August 2017, Charlottesville, VA. A car plows into counter protesters at a white nationalist rally, killing one person.
Stephen Smith: As those crowds gathered in Charlottesville and we saw the Tiki torches and people walking down the street, you know, virtually in real time on our TVs…
Stephen Smith is the executive director of the USC Shoah Foundation.
Stephen Smith: … and this public display of hatred, I have to say, I was extremely disappointed.
Smith is a theologian by training, and for years, he’s been studying genocide and the Nazi Holocaust.
Stephen Smith: I was frightened for our country, but disappointed that we could be, you know, 75 years on from the Nazi period and then see that display in our own streets.
Smith sees teachers as the frontline in the effort to tackle hate.

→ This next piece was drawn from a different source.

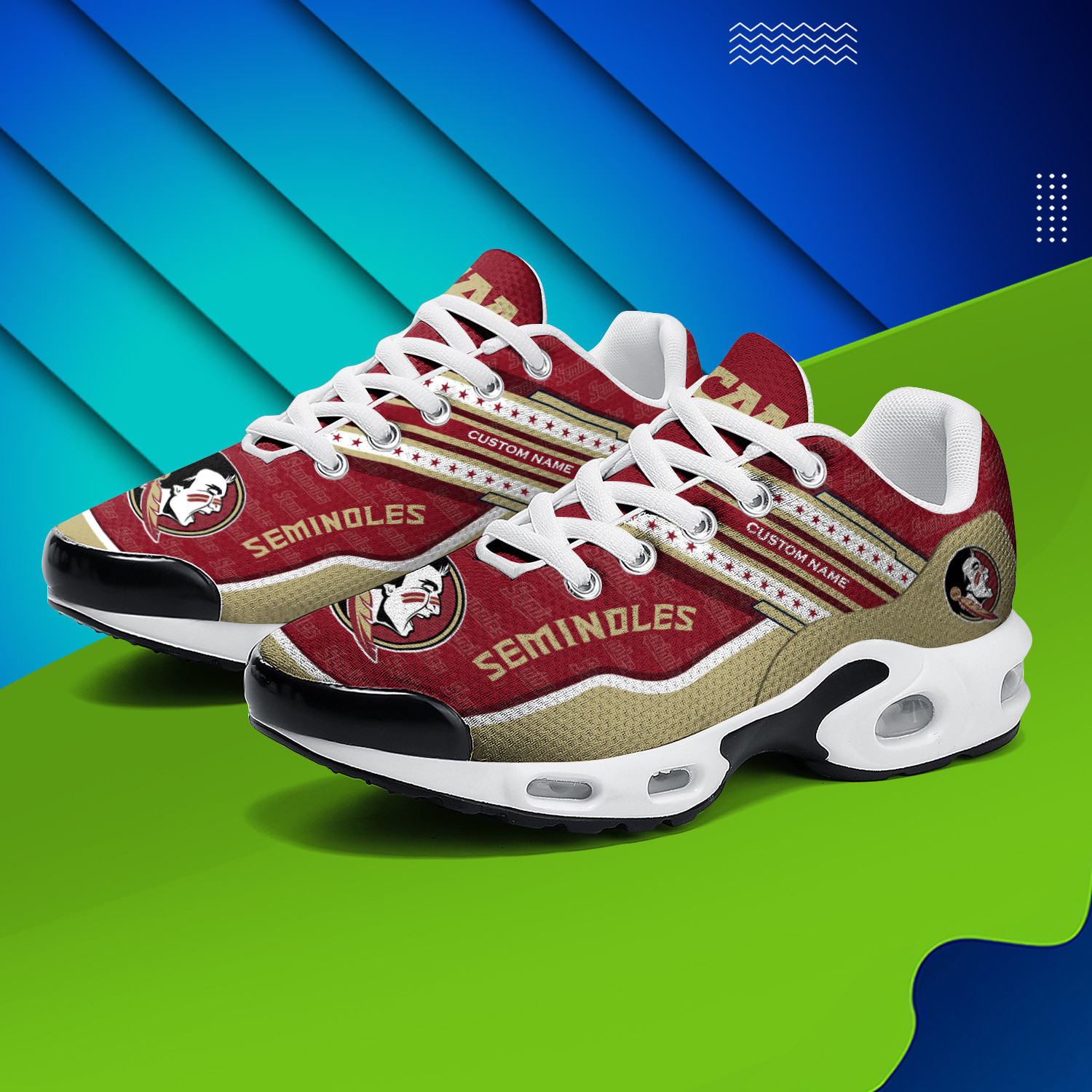 Florida State Seminoles Personalized Name Team Logo Mix Colors Star Line TN Shoes Air Cushion Sneakers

That’s how the Stronger than Hate initiative came about. The foundation put together lesson plans based on digital archives and testimonies from genocide survivors.
Stephen Smith: What we’re interested in is when you listen to these stories, how can it help to change lives –– to listen to each other more deeply, understand each other more, um, and respect each other’s identities.
The importance of the foundation’s work with educators was tragically brought home in 2018.
Stephen Smith: There was a terrible shooting in Parkland at Stoneman Douglas High School. And one of the educators, education team, at the Shoah Foundation came into the corridor and she said, we have 800 students registered on the Shoah Foundation’s eyewitness site at that school.
The eyewitness site is where teachers can introduce their students to first-person narratives and visual archives. It turns out that Ivy Schamis at Stoneman Douglas High School had been teaching a lesson on the 1936 Olympics held during the Nazi regime.
Ivy Schamis: The shooter came in, we had no time to be ready or prepare for our classroom to be ambushed.
AMBI: chaotic sound from scene
Ivy Schamis: We were all crouched down to the ground. I could see the handle of the door and the shooter was shooting into the glass panel and the door.
One of those bullets was fired into a computer screen, forever stuck on a Holocaust image.
Ivy Schamis: It just seemed a little bizarre that that was the class that was being shot into.
Two of Schamis’ students were killed. The student survivors became advocates of gun control legislation, and organizers for March for Our Lives.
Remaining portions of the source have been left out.